Whew! That’s a strong and challenging view, which caught me by surprise when I first read about it more deeply. I have been pondering such criticisms of colorblind theory and will probably have to ponder them longer before I make up my mind about how to regard it. In general, I would like to see racial issues addressed as practical matters. The ideal of a non-racial society, if it’s even possible, and the principles of anti-racism are not up for discussion with me (though I take it as crucially necessary for a pluralist always to listen to anyone about anything, even about the craziest or cruelest ideas out there [which will have to remain a subject for another excogitation]). What I would like our policy-makers to ask is, How do we best lessen the racial inequalities in our society and how do we best get more and more and yet more people to pay no regard to race? The goals, for me, are not at issue. The goals are less racial inequality and less racism. The issue, for me, it whether it is best to adopt policies that take account of race or to have policies based on colorblind theory, as some learned legal scholars and judges are now doing? For me, that’s a practical question. What will work best? Because I take this approach, I am not prejudiced against attacks on colorblind theory, nor am I in favor of ending colorblind thinking in policy and legal decisions. I long for a colorblind society and a colorblind personal life. How we get there is the issue.
I have sympathies with colorblind theorists, with the notion that the way to get race finally out of the picture is to take it out completely out of the picture right now. But López argues, effectively, counter-intuitively, that this simply leads to racism, perhaps not more of it right away, but to its persistence at current levels. For this reason, López wants to keep race, wherever pertinent, in every decision of law or policy:
To actually move toward a racially egalitarian society, however, requires that we forthrightly respond to racial inequality today. The alternative is the continuation of colorblind white dominance. As Justice Harry Blackmun enjoined in defending affirmative action in Bakke: "In order to get beyond racism, we must first take account of race. There is no other way."

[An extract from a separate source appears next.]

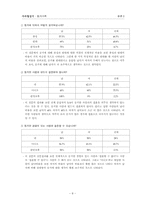 [가족관계론] 혼전동거-9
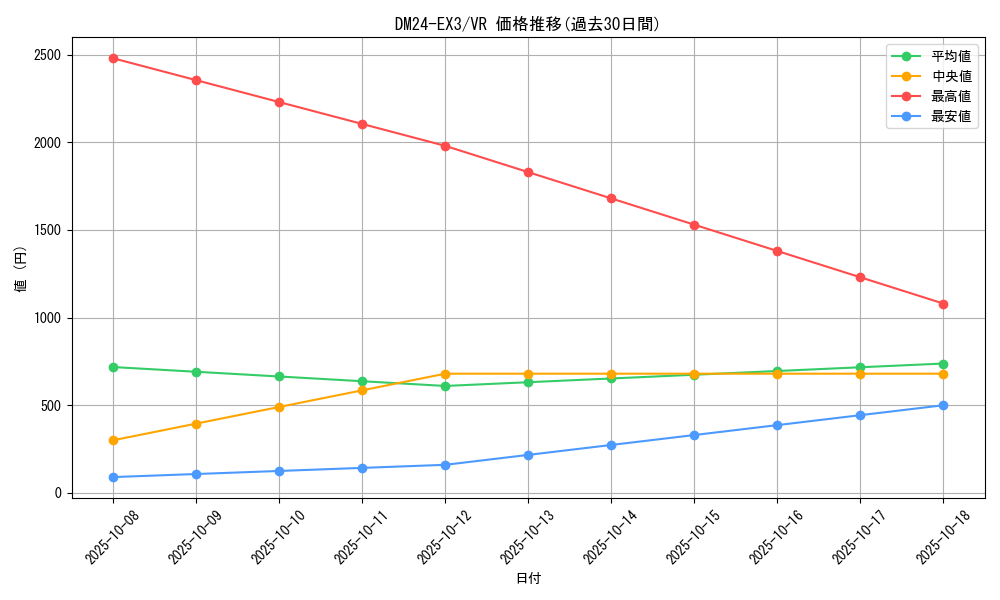 series_65391_rarity_101809_graph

I have not read a more forceful attack on colorblind policies than López’s (though I am almost certain more are out there in cyberspace). I will be thinking more about this criticism of colorblind theory. I want only what’s best, overall. Whatever can put an end to racism and racial inequality quicker is better. (Whatever theory is used to set policy and make law, racism and racial inequalities will surely be hard to defeat, sort or long term.) The problem is that addressing the cause of certain kinds of social inequalities that racism has brought about might do little to correct the social inequalities that racism has so sturdily built up and maintains.
My cousin Bob Orton and I once discussed these issues at length some years back. I have hopes that he’ll weigh in on this latest turn in the debate.